In primary and secondary schools, merit pay has become a huge issue, along with evaluating teachers.  Everyone, even teachers, agrees on the fact that good teachers should be rewarded and bad ones removed.  But determining who is good or average, and who gets paid what is far, far, harder than it looks, which is why most teachers have historically opposed the concept of merit pay, because in all too many cases where it has been actually implemented it’s gone to administration or parent “favorites,” who are not always the best teachers.  A competent teacher in an upper-middle-class school where parents are involved and concerned should be able to boast of solid student achievement on tests, evaluations, etc.  A brilliant, dedicated, and effective teacher in some inner city schools may well be accomplishing miracles to keep or lift a bare majority of students to grade level, while a competent teacher may only have a few students on grade level.  Yet relying on student test scores would suggest that the first teacher of these three deserved “merit pay.”  And in “real life,” the complications are even greater.  How do you compare a special education teacher with standard classroom teachers, even in the same school, let alone across schools with different demographics?

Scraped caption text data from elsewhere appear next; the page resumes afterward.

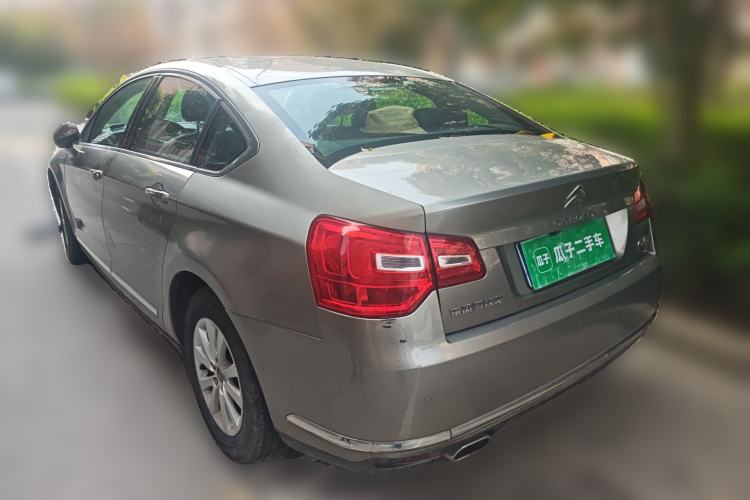 Used Citroen C5 2014 2.0L Automatic Luxury Edition Rear Left 45 Deg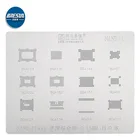 AMAOE для NAND1 stencil FALSHшрифт библиотекаBG199 имплантат флэш-памяти шарик имплантат мяч Оловянная сетка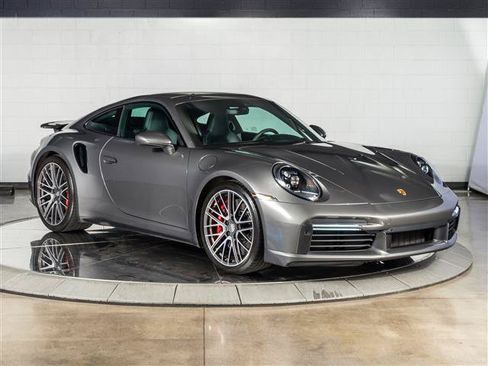 Certified 2022 Porsche 911 Turbo AWD/4WD image 7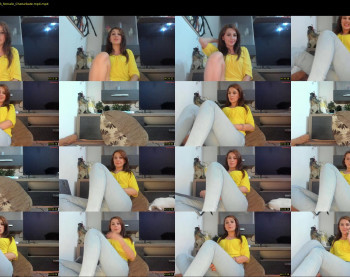 mellbell_ — 55 minute Chaturbate female cam show recording, 720p, May 7, 2025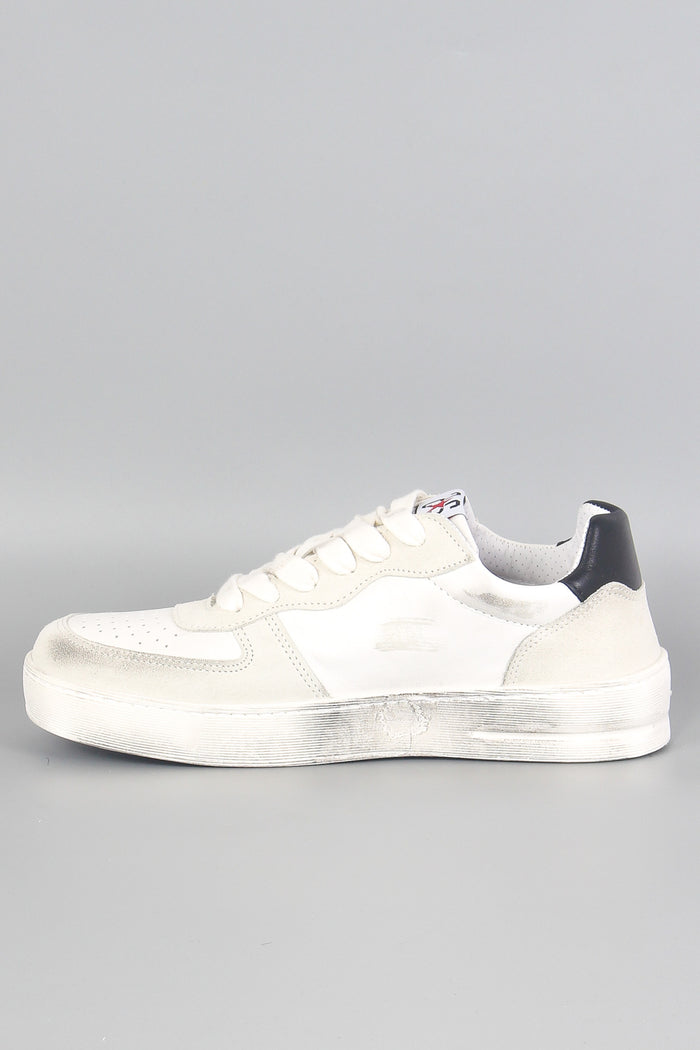 Sneaker Padel Star Used Bianco/nero-4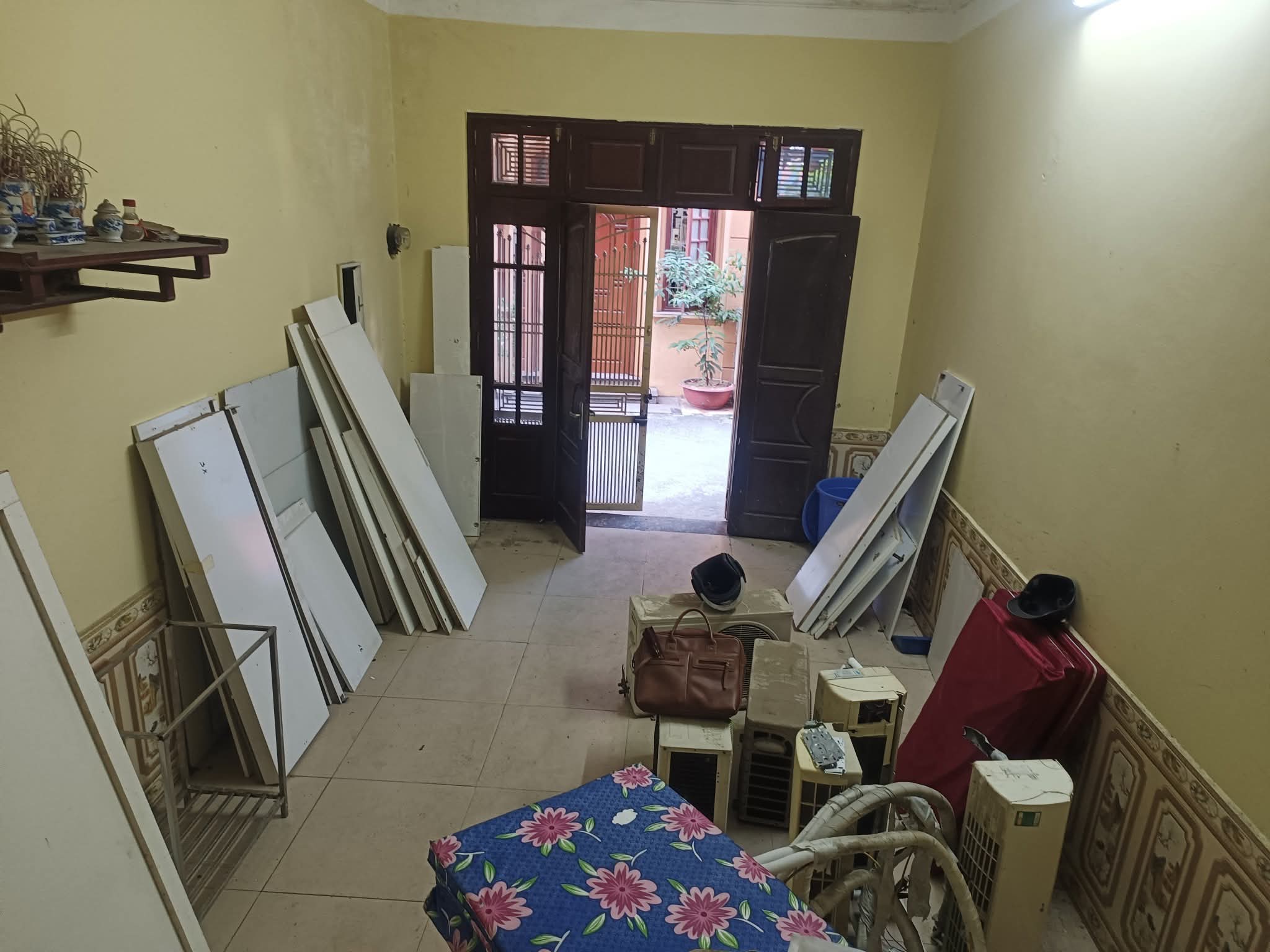 ĐƯỜNG MỸ ĐÌNH, NAM TỪ LIÊM, NGÕ 402: 59M - 3T - MT: 4m - giá 12,4 tỷ - 2 Thoáng - Ngõ Nông - ôtô 4 Chỗ Đỗ Cửa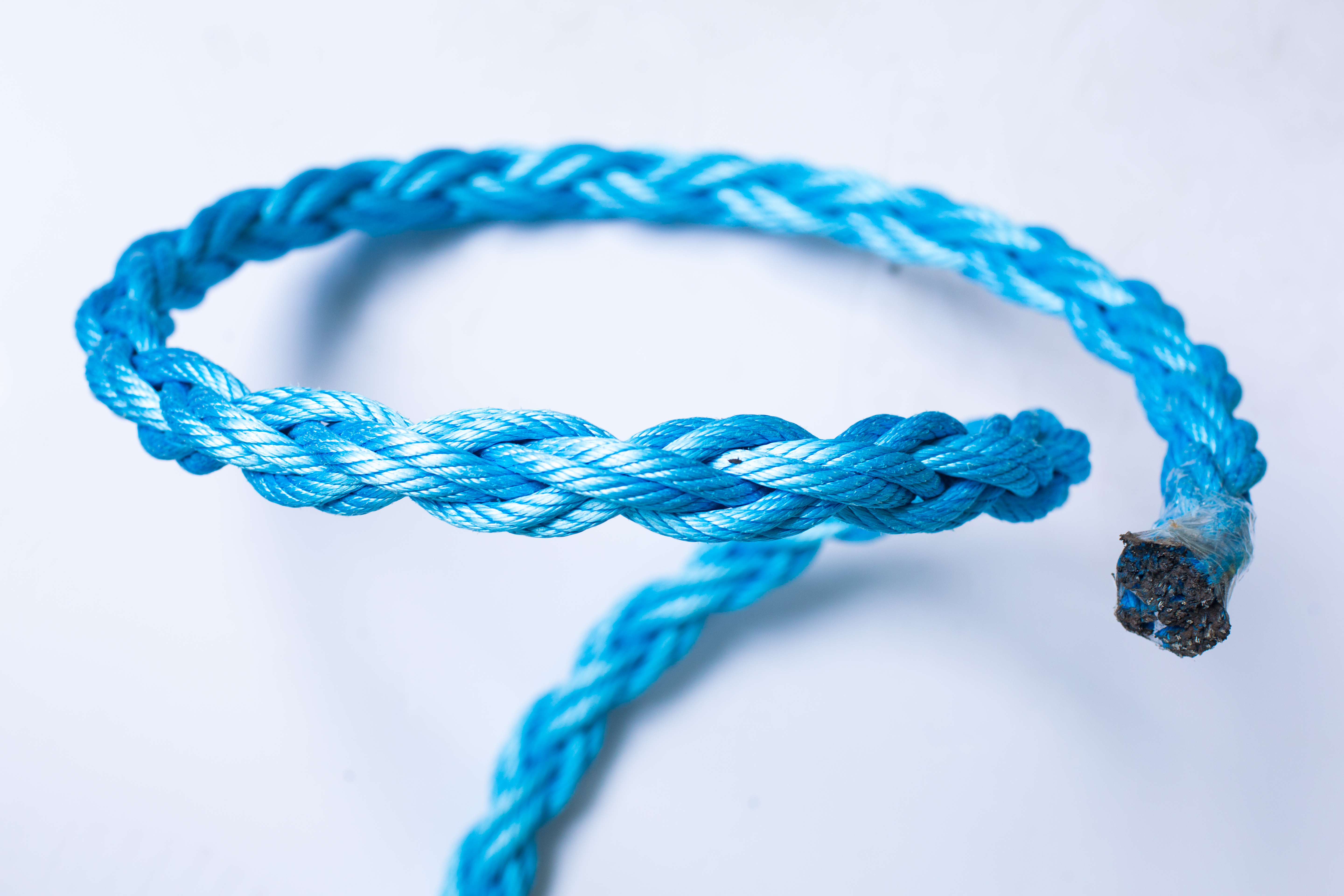 3/6/8 Strands PP -kombinationsforbindelses reb og stålstreng med IWRC/FC til fiskeri og legeplads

In addition, when teachers feel overworked and underpaid, and many, but not all, are, offering merit pay tends to turn people into competing for the money — or rejecting the entire idea.  I’ve seen both happen, and neither outcome is good.   Yet the underlying principle of ratings and “merit pay” is that such comparisons are possible and valid.  So far, I’ve yet to see any such workable and valid plan… and neither have most teachers. And when merit pay is added in with all the other problems with the educational system that I’ve discussed in other posts, all merit pay usually does is make the situation worse.  It’s an overly simplistic solution to a complex series of problems that few really want to address.  But then, what else is new?

 

 

7 thoughts on “The “Competitive/Comparative” Model in Teaching”

  1. Tim says:

    In the corporate world the equivalent process is termed ‘performance related pay’ where there is a yearly bonus paid based on achievement of agreed objectives.

    This bonus is non-consolidated which means it is not included in any final assessment for pension. It is also discretionary which means that the company remuneration committee may decide not to pay such an award, though this is very rare.

    So many companies increase this part of the remuneration package whilst keeping salary level increases at low or moderate levels. It makes sense.

    However, the behaviours this drives are not particularly good. I had a reasonably large team and was expected to mark the lowest 10% as poor performers. The logic was that you must get rid of the lowest 10% each year, recruit new blood and so “raise the bar”. Theoretically this also makes sense, but supposing you were tasked with recruiting an elite team – in my case, IT senior designers.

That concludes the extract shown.